(DATA RECORDS begins)

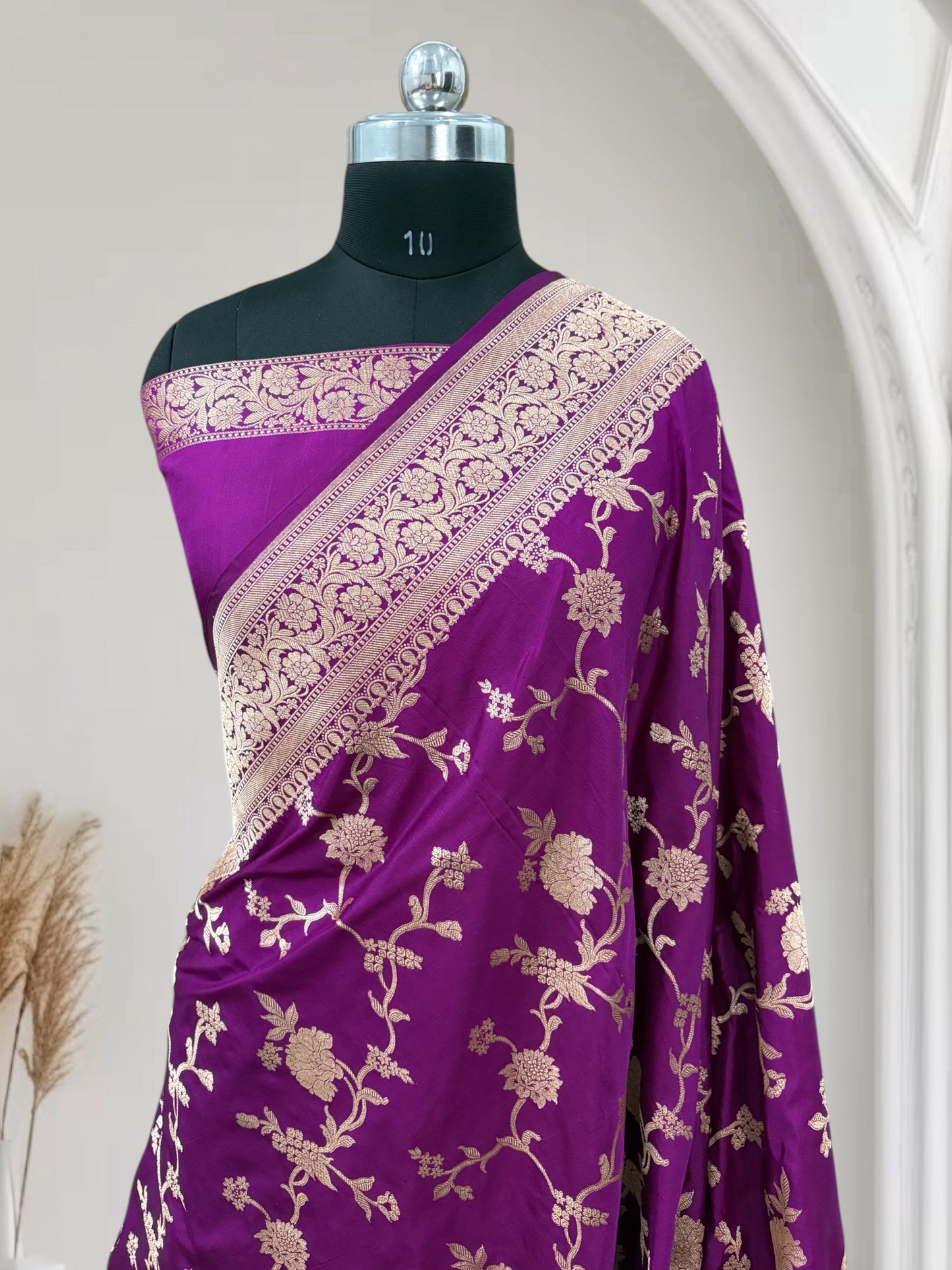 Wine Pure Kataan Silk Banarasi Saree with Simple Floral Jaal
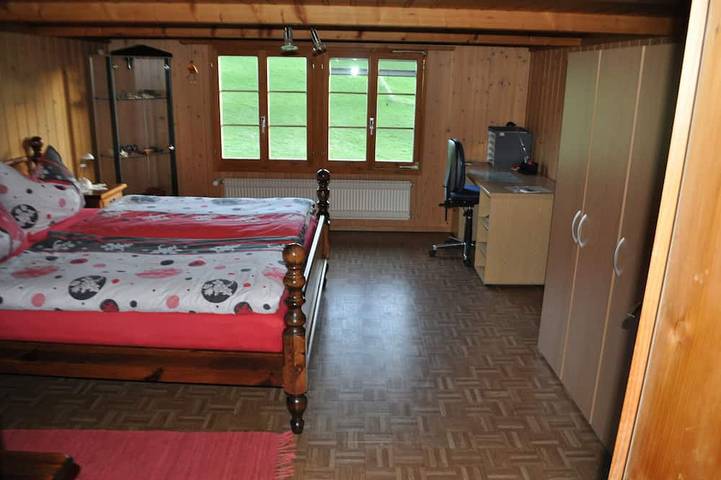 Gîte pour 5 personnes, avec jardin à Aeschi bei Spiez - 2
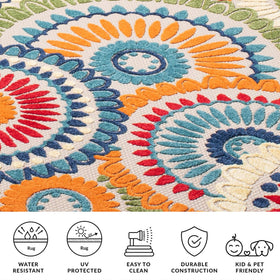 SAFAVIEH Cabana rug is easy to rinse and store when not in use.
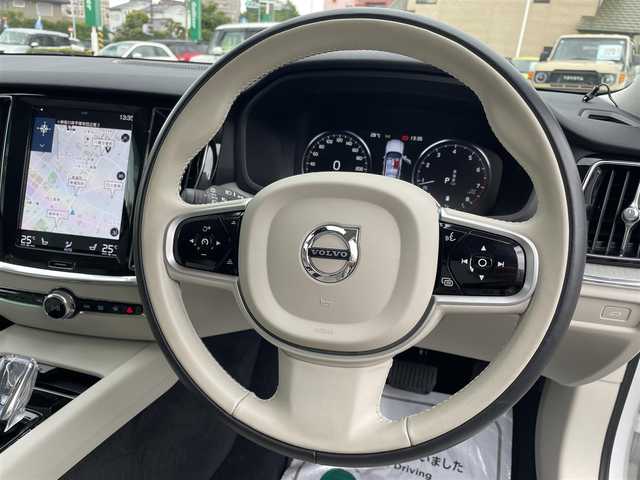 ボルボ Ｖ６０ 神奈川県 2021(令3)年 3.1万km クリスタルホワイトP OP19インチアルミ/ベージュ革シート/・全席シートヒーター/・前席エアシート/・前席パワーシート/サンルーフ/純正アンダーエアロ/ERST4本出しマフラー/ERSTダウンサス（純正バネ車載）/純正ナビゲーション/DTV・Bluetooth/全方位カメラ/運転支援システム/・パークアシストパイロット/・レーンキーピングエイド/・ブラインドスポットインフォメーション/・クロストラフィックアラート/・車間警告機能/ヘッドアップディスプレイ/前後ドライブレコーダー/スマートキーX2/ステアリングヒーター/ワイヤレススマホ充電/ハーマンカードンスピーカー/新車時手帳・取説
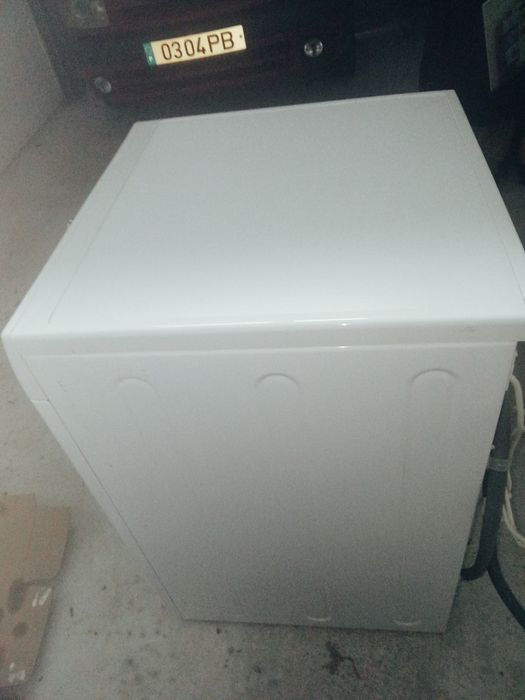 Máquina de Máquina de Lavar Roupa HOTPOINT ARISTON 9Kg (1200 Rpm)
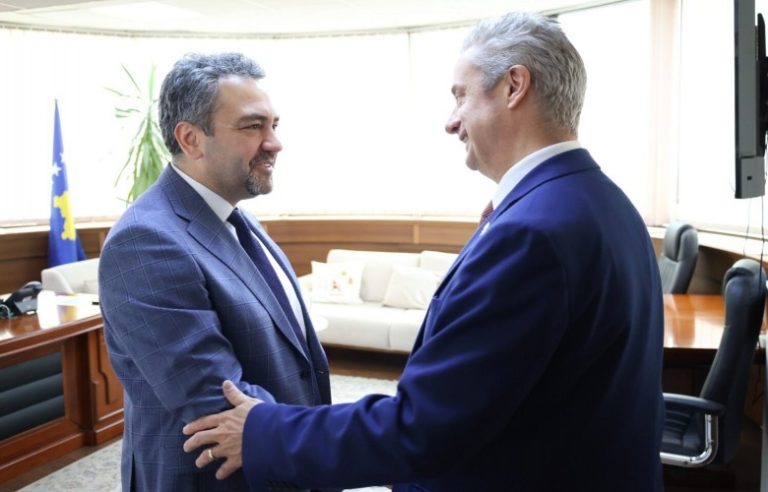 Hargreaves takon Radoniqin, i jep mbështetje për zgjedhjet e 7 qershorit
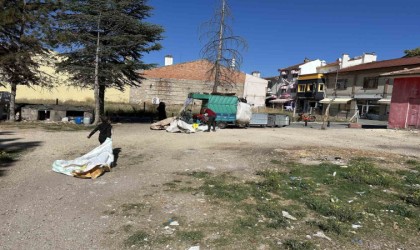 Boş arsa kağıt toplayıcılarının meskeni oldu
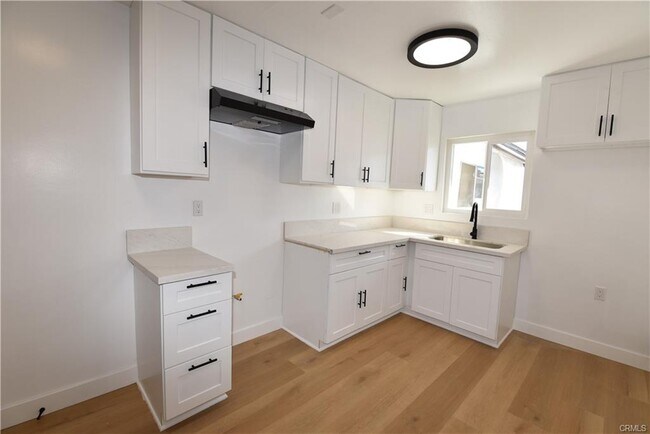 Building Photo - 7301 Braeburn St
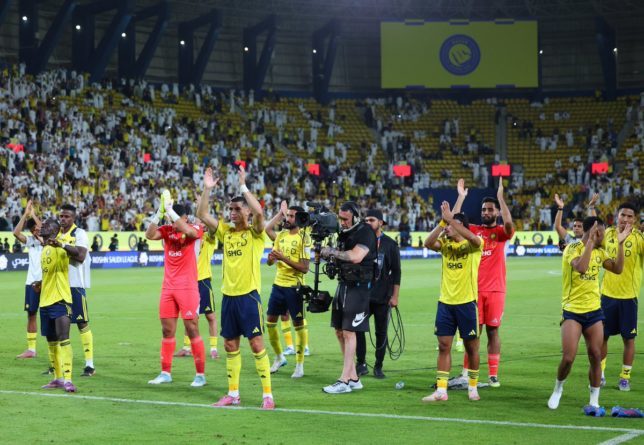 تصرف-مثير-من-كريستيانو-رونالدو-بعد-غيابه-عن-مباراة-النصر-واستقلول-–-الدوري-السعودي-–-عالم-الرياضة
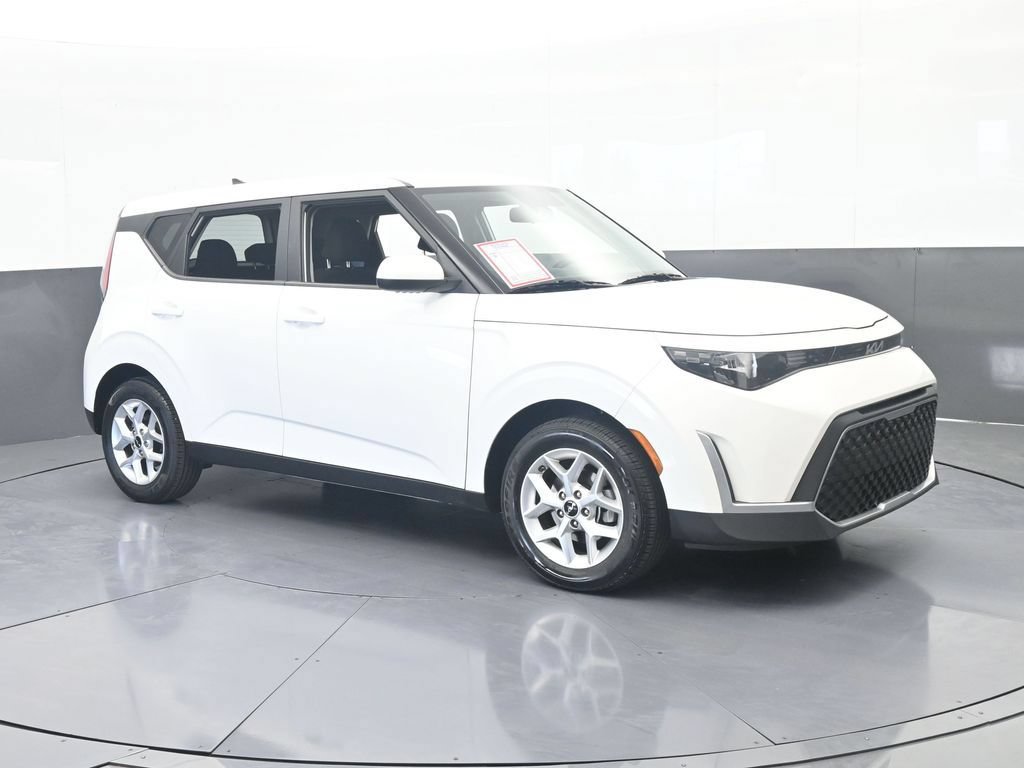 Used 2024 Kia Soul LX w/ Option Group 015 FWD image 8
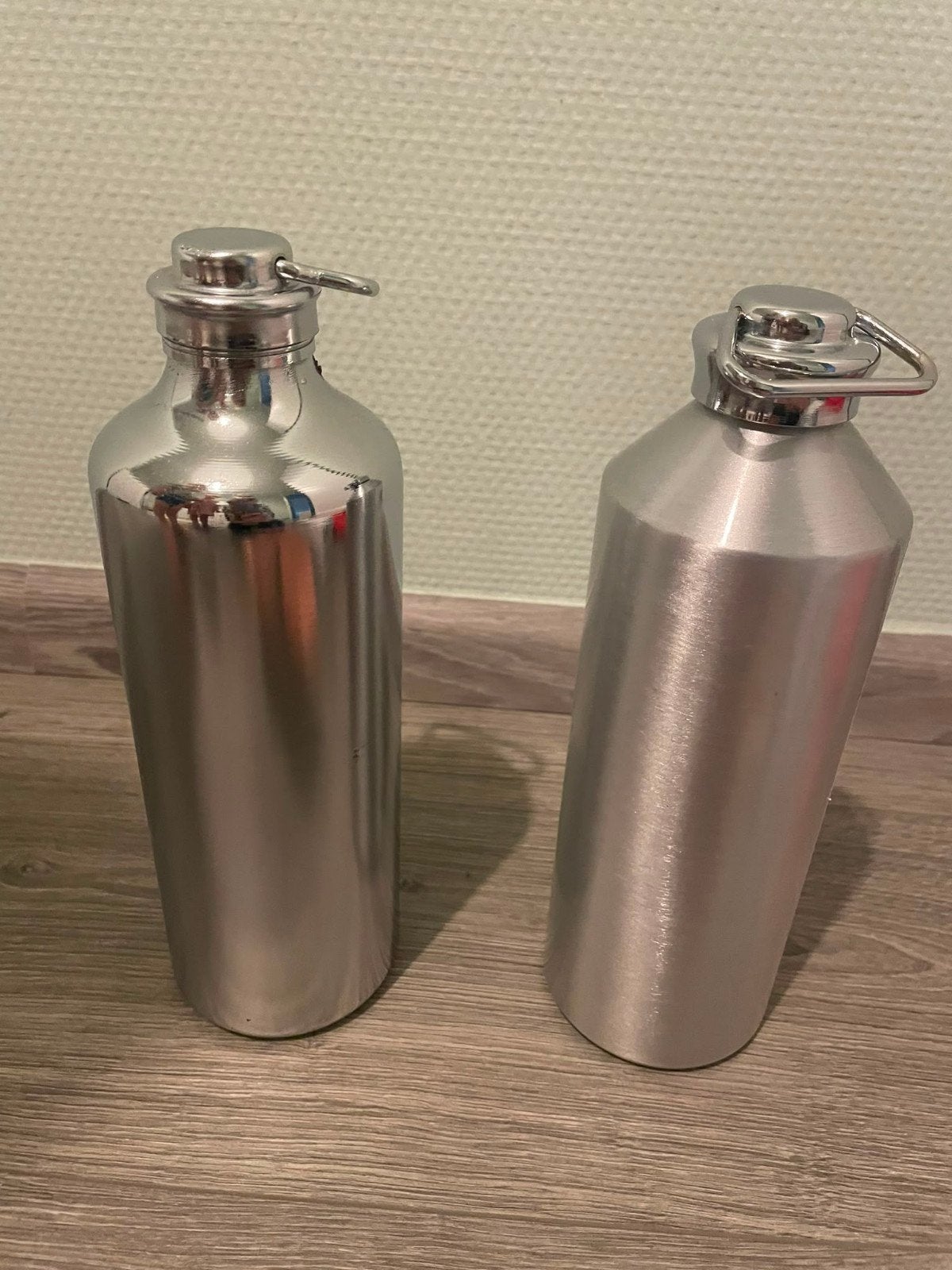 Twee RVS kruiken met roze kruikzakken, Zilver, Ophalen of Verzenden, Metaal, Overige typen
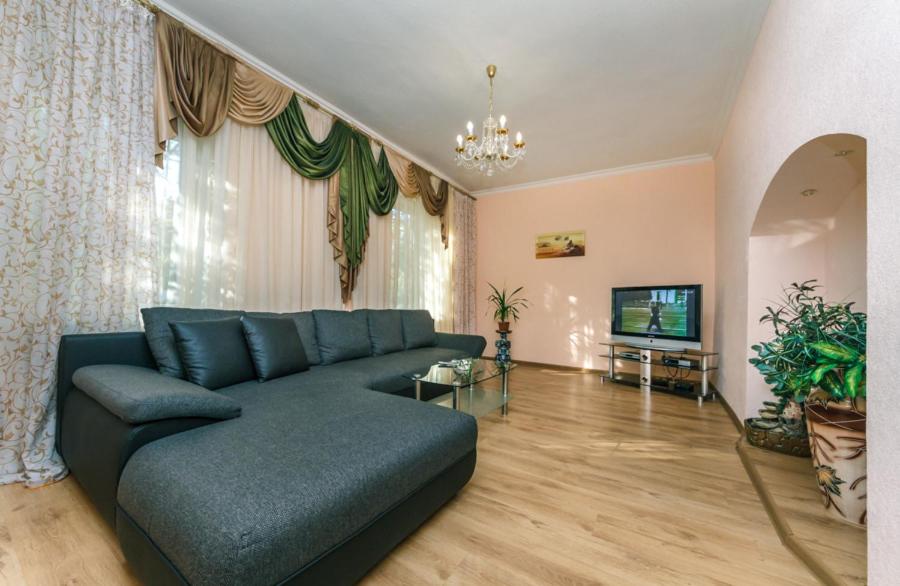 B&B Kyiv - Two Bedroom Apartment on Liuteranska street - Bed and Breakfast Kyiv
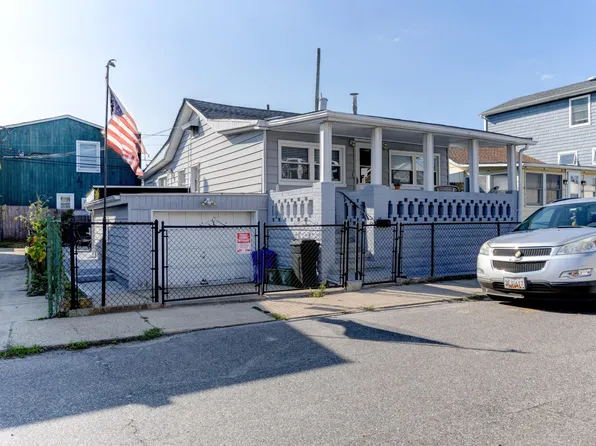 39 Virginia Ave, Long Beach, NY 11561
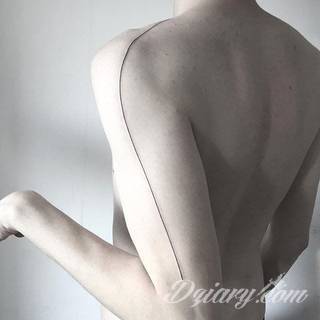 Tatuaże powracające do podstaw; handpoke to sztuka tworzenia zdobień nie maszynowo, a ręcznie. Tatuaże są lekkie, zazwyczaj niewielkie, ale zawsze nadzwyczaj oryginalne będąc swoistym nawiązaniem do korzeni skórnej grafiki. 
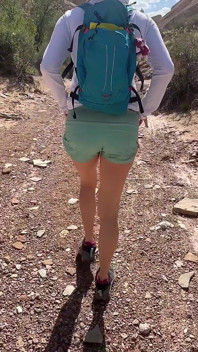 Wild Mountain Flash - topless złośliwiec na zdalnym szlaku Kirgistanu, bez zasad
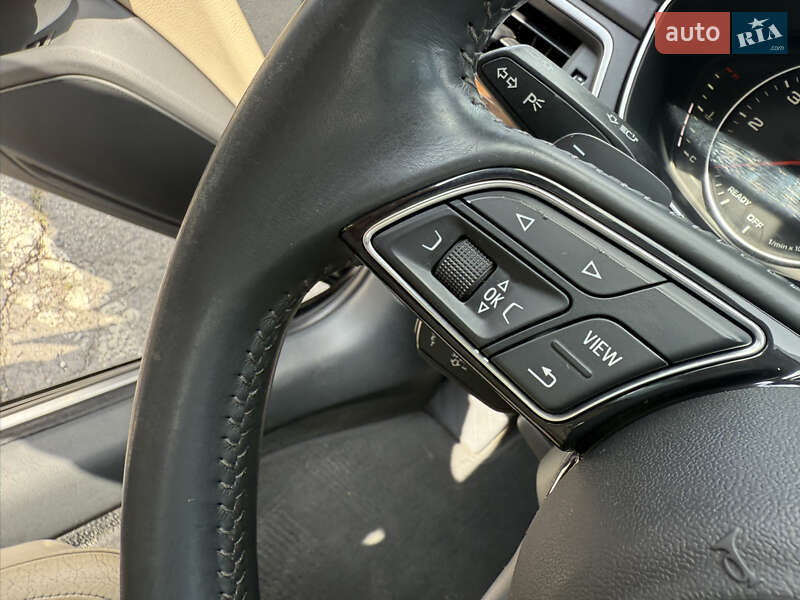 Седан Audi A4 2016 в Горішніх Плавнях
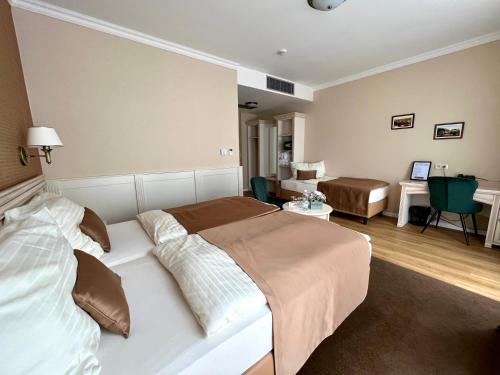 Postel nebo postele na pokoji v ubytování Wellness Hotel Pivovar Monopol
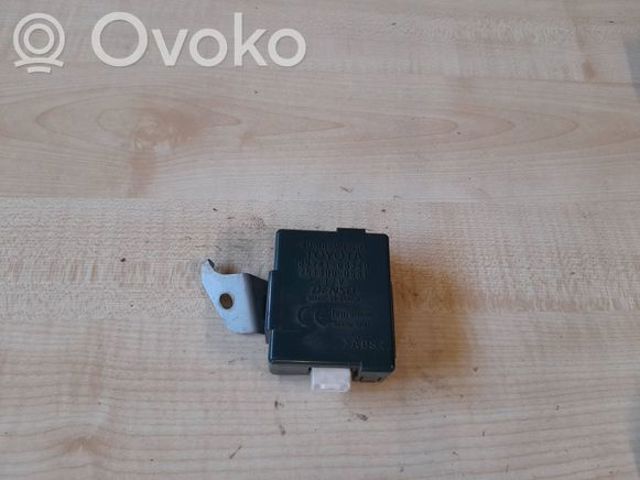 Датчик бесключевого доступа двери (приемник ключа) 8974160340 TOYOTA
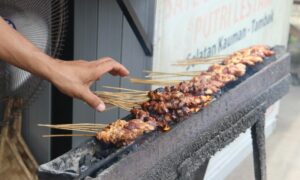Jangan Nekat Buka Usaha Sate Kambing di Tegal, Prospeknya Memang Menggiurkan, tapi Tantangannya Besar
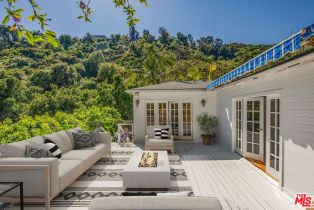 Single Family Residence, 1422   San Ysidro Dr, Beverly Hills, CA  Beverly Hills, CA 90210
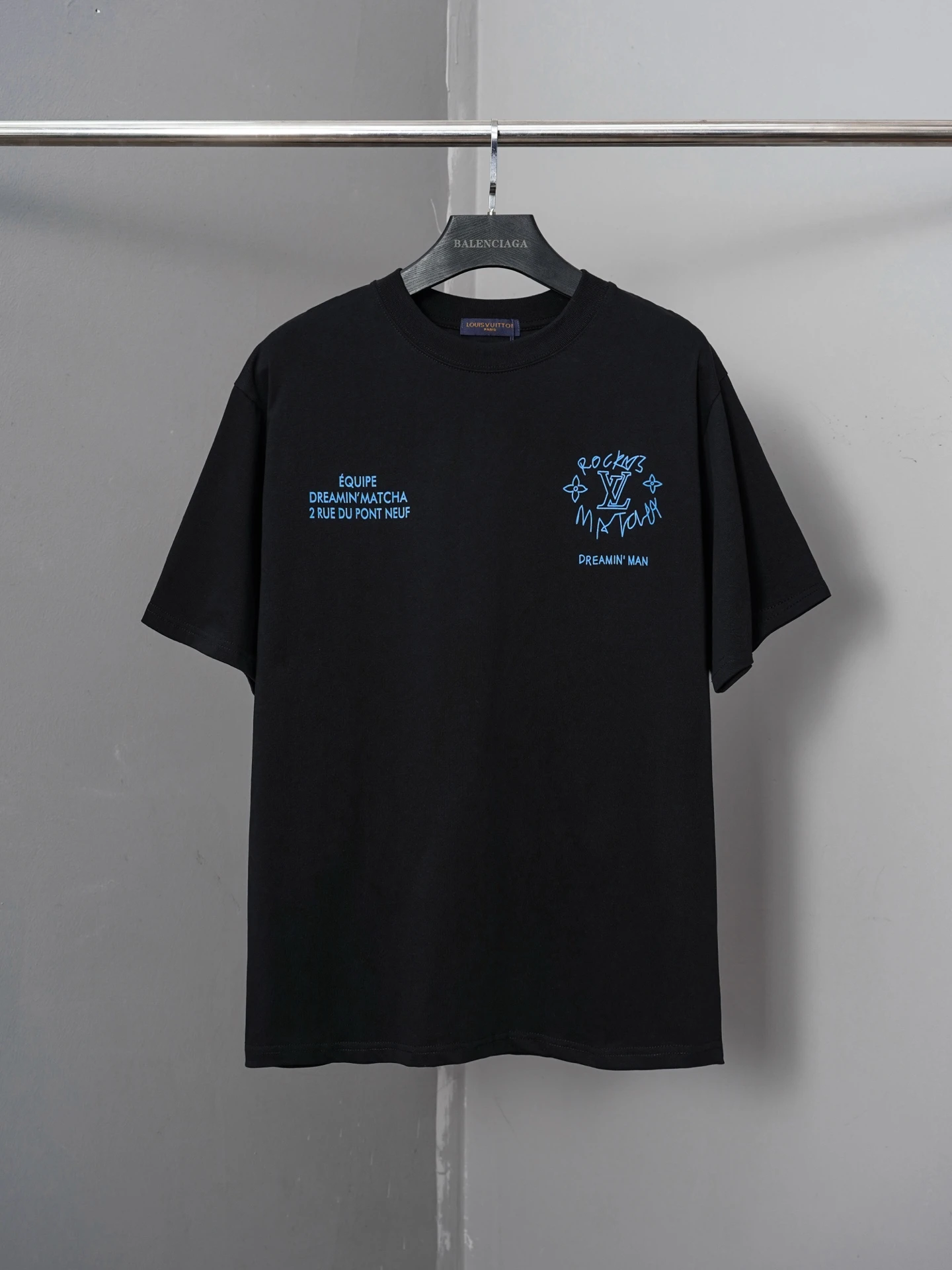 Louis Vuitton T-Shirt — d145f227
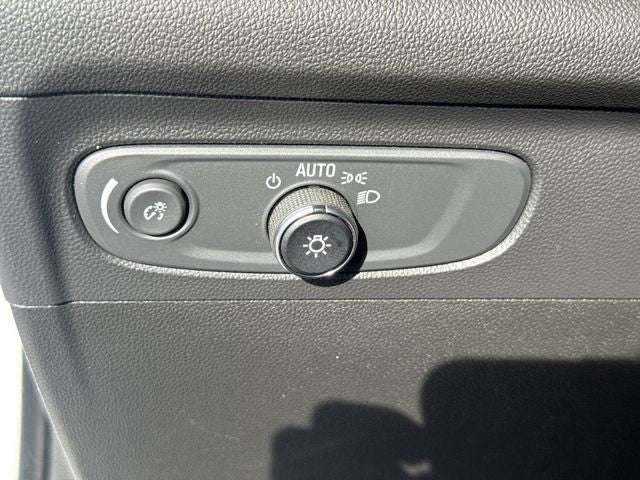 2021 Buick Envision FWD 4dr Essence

(DATA RECORDS ends)

#### [WORK INSTRUCTIONS]
Write out exactly the opening lines of the data, stopping after the line that holds "Building Photo - 7301 Braeburn St". Exclude pictures.

#### [ANSWER TO THE EXERCISE]
 Wine Pure Kataan Silk Banarasi Saree with Simple Floral Jaal
 Gîte pour 5 personnes, avec jardin à Aeschi bei Spiez - 2
 SAFAVIEH Cabana rug is easy to rinse and store when not in use.
 ボルボ Ｖ６０ 神奈川県 2021(令3)年 3.1万km クリスタルホワイトP OP19インチアルミ/ベージュ革シート/・全席シートヒーター/・前席エアシート/・前席パワーシート/サンルーフ/純正アンダーエアロ/ERST4本出しマフラー/ERSTダウンサス（純正バネ車載）/純正ナビゲーション/DTV・Bluetooth/全方位カメラ/運転支援システム/・パークアシストパイロット/・レーンキーピングエイド/・ブラインドスポットインフォメーション/・クロストラフィックアラート/・車間警告機能/ヘッドアップディスプレイ/前後ドライブレコーダー/スマートキーX2/ステアリングヒーター/ワイヤレススマホ充電/ハーマンカードンスピーカー/新車時手帳・取説
 Máquina de Máquina de Lavar Roupa HOTPOINT ARISTON 9Kg (1200 Rpm)
 Hargreaves takon Radoniqin, i jep mbështetje për zgjedhjet e 7 qershorit
 Boş arsa kağıt toplayıcılarının meskeni oldu
 Building Photo - 7301 Braeburn St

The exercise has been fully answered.